In Italien wird (fast) alles zum Sport/ Regionale Originalität und Improvisation sind gefragt/ Erfindungsgeist und Abenteuerlust führen zu zahlreichen Verletzungen, sogar einzelnen Todesfällen/ Auch Touristen sollen ihren Spaß haben  ■ Aus Latina Werner Raith

„Sport ist bei uns sowieso fast alles“, sagt Sandro Salvadori. „Das hier“ — er klopft auf sein wertvolles Rennrad, das er in den dritten Stock des Mietshauses hochhievt — „ist so ein Sport, wie man ihn in anderen Ländern auch kennt. In Neapel machen Jugendbanden aber einen Sport daraus, wer die meisten Vorderräder innerhalb der kürzesten Zeit zusammenklaut. Bei uns ist zuerst der Geist zum Sporttreiben da. Dann erst überlegt man, aus was man alles einen Sport machen kann.“

Sandro muß es wissen — der promovierte Agrarwissenschaftler ist nicht nur ein bewährter Rennfahrer und Fußballer, sondern kommt in seiner Eigenschaft als Präsident des Bauernverbandes Latina in ganz Italien herum. „Die Renaissance alter, lokaler Sportarten nimmt mächtig zu“, stellt er fest.

Das Boccia-Spiel zum Beispiel, an sich in ganz Italien verbreitet, wird traditionell in einigen Regionen ohne Kugeln und ohne Betonbahn gespielt — mit Hufeisen. Besonders in den armen Gegenden wie der Basilicata, wo es wenig Straßenpflaster und viel hügeliges Gelände gibt, ist das Hufeisenwerfen „schon fast wie ein Leistungssport“, sagt Sandro.
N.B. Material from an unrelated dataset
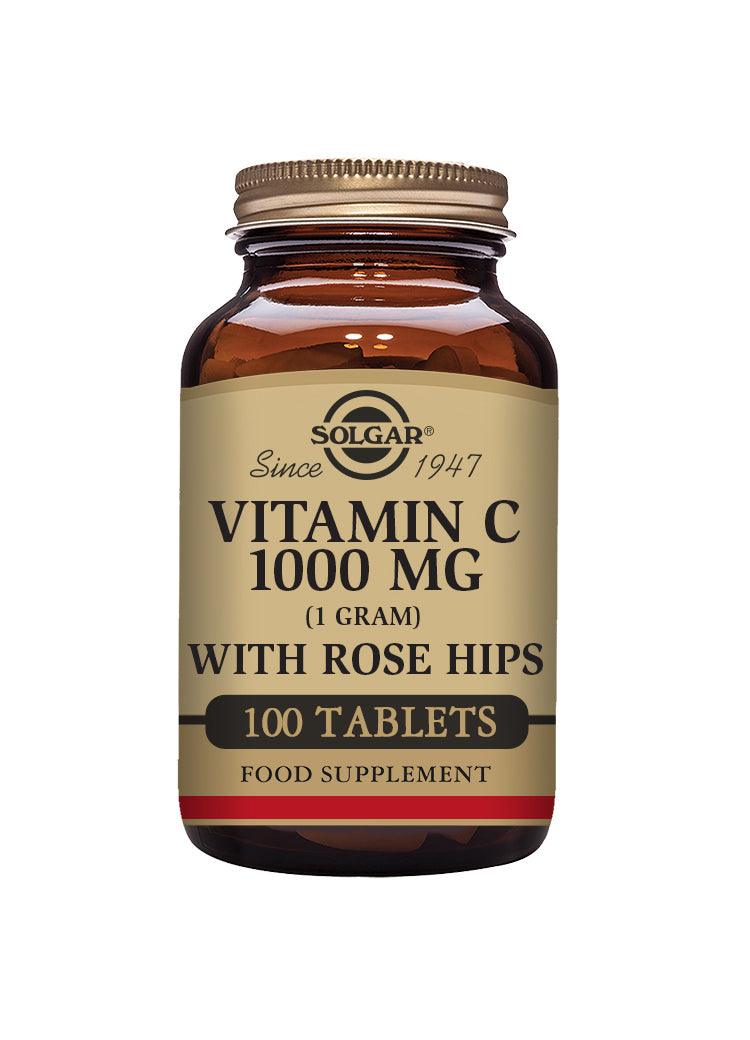 Solgar Vitamin C 1000mg with Rose Hips 100's - Approved Vitamins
Inzwischen werden sogar Meisterschaften ausgetragen.

„Oder der ,gioco del straccio‘ auf den Jahrmärkten der Südprovinzen“, zählt Sandro weiter auf, „das erfordert den ganzen Mann.“ Beim „Spiel des Lumpen“ muß man sich auf einem Kettenkarussell während der Fahrt hochschlenkern und einen an einem Galgen befestigten Stoff- Fetzen — den Lumpen — abreißen. Belohnung: eine Freifahrt. Bei manchem steht dabei sogar eine Art Berufsausbildung im Vordergrund: Der Hüftknick, mit dem man den Fetzen herunterreißt, ist eine gute Übung für das Handtaschenwegreißen durch motorisierte Räuber in den Straßen Neapels und Palermos.

Im Vergleich zu diesem „Sport“ ist das in einigen toskanischen Provinzen verbreitete „Käsetreiben“ völlig harmlos. Da werden Holzräder in der Form eines Parmesankäses über die Straße — möglichst eine ungeteerte mit vielen Löchern — geschubst. Die besten Treiber schaffen bei lokalen Meisterschaften mitunter mehr als zehn Kilometer an einem Stück. Im umbrischen Gubbio treten im Mai zum Patrozinium verschiedene Teams an, um die berühmten „Cere“, mehrere Meter hohe Kerzen, in gestrecktem Galopp über eine Strecke von eineinhalb Kilometern zu tragen — gewonnen hat die Mannschaft, die ihre Kerze zuerst aufgerichtet hat. Ein Sport, der das ganze Jahr über trainiert wird und viele Verletzungen provoziert.

Ähnlich gefährlich ist der „Transporto della macchina di Santa Rosa“ in Viterbo im Norden Laziums. Dabei geht es zwar nicht um ein Wettrennen, aber gerannt wird dennoch: Ein bis zu 27 Meter hoher Turm aus Draht und Pappmaschee, illuminiert und mit heiligen Reliquien gefüllt, wird von mehr als hundert Männern die stark abschüssige Straße hinuntergetragen — in Erinnerung an die Überführung der Heiligen-Gebeine im 13. Jahrhundert. „Das Ding wiegt mehr als vier Tonnen“, erzählt Sandro, „und da sind nicht nur gute Läufer, sondern vor allem Gewichtheber gefragt.“ Die Träger werden einem rigiden Training unterworfen: Sie müssen Kästen von 150 Kilo Gewicht über eine Hindernisstrecke schleppen. Auch beim berühmten „Palio“ von Sienna, einem Rennen auf ungesattelten Pferden um die Piazza herum, ist man nicht zimperlich. Da nicht der Reiter, sondern das Pferd gewinnt, lassen sich manche „Fantini“ einfach herabfallen, damit das erleichterte Tier bessere Chancen hat. Es kommt dabei nicht selten zu bösen Verletzungen oder gar Todesfällen bei Mensch und Pferd. Tierschützer protestieren seit Jahren gegen den Rummel. Andere Pferdesportarten sind weniger umstritten. Die „Buttari“, die sich aus dem einst verbreiteten Cowboy-Leben Mittelitaliens ableiten, lenken ihr Pferd mit einer Hand und vollführen Manöver zum Schafetreiben oder Kälberfangen — ein beliebtes Rahmenprogramm bei Reitveranstaltungen. Mehr als fünftausend Mitglieder zählen die verschiedenen Buttari- Vereinigungen heute.

Sandro Salvadori hat erkannt, daß sich daraus für die Bauern etwas machen läßt: „Viele Touristen sind ganz wild darauf, hinter einem Kalb herzugaloppieren.“ So baut Sandro im nächsten Sommer in seiner Provinz zehn „Agritourismus“-Zentren auf, in denen Pferde zu diesem Zweck gehalten werden.